There are plenty of browsers that don’t support it too since it is a non-standard event and so you can’t rely on it for anything.

The most useful use for the onbeforeunload event handler is with IE to test if the browser is allowed to close the window so as to not try if it can’t. That gets rid of the dialog that IE pops up when the page can’t close the window and makes it consistent with the behaviour of all other browsers.

Even for browsers that do support onbeforeunload, as mentioned, that event can be triggered in more than one way. One thing that would work in all browsers is to put in your own “close this window” button or link and have that give the “you will lose entered form data” alert. Or you could make it easy and just put that statement somewhere visble on the page instead of using an annoying alert that may turn off visitors.

If someone wants to leave, it probably isn’t an accident, and such tactics will PO many.

Those responses are particularly annoying when all you want to do is to relead the current page.

There is no way to tell what the person is trying to do that triggerd the event - just that it is something that requires unloading the current page.

Hi,

I didn’t want to display the message if the user did not keyed in any data. So I added codes shown below to go through all the fields to check whether the user keyed in any data or not. But the logic is not working. Any help would be appreciated.

Thanks

<script type=“text/javascript”>

var valuesEntererd = false;

function beforeClose(form)
{
var elements = document.getElementsByTagName(‘*’);
for (var i = 0, len = elements.length; i < len; i++){
if ((elements[i].tagName == ‘INPUT’ && elements[i].type && elements[i].type == ‘text’) || elements[i].tagName == ‘textarea’){
if(elements[i].value != ‘’){
valuesEntererd = true;
break;
}
}else if (elements[i].tagName == ‘SELECT’ ){
if (elements[i].selectedIndex != 0){
valuesEntererd = true;
break;
}
}
}

if (valuesEntered == true){
	return "All information entered will be lost.";
}

}

window.onbeforeunload=beforeClose(this);

</script>

Is there a way to change default message I am getting ‘Are you sure you want to navigate away from this page?’ and then ‘Press OK to continue, or Cancel to stay on the Current page.’ Can I only display ‘my message’ in between this two messages?

Thanks

You only get that message in Internet Explorer.

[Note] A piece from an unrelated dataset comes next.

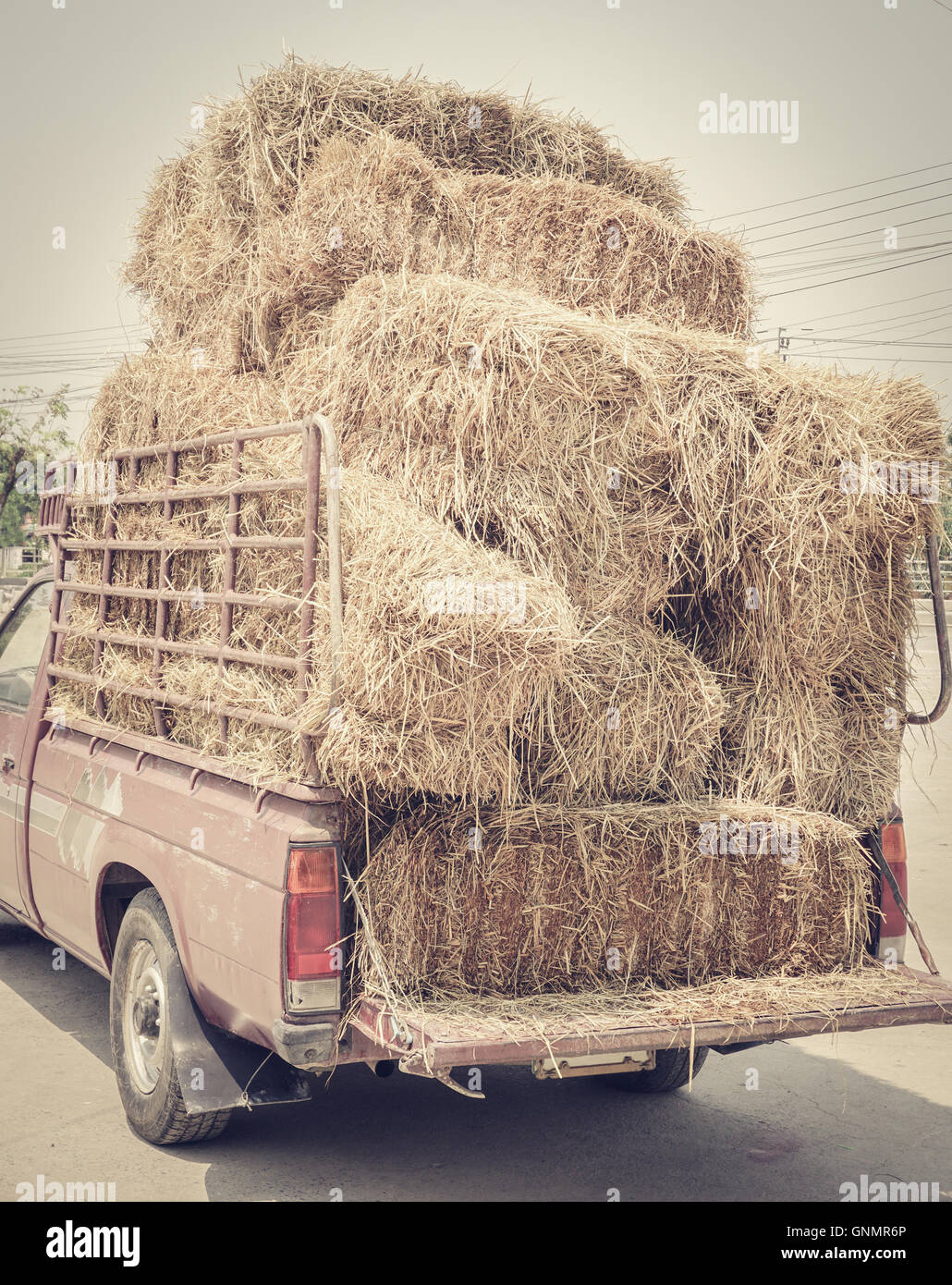 Dried yellow hay or haystack on old truck, colored filter effect Stock Photo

It means that your site didn’t open the window and therefore your site isn’t supposed to be allowed to close the window. The only way you can change the behaviour is to test for if the window is allowed to be closed first. Then you could change it to work the same as all other browsers by not running the window.close() if it isn’t allowed.

I tried Firefox and it was giving me the same message.

I do not quite understand rest of your message.

Thanks

For the couple of browsers that understand the proprietary beforeunload that is the message they display. Since that is a non-standard event most browsers just ignore it.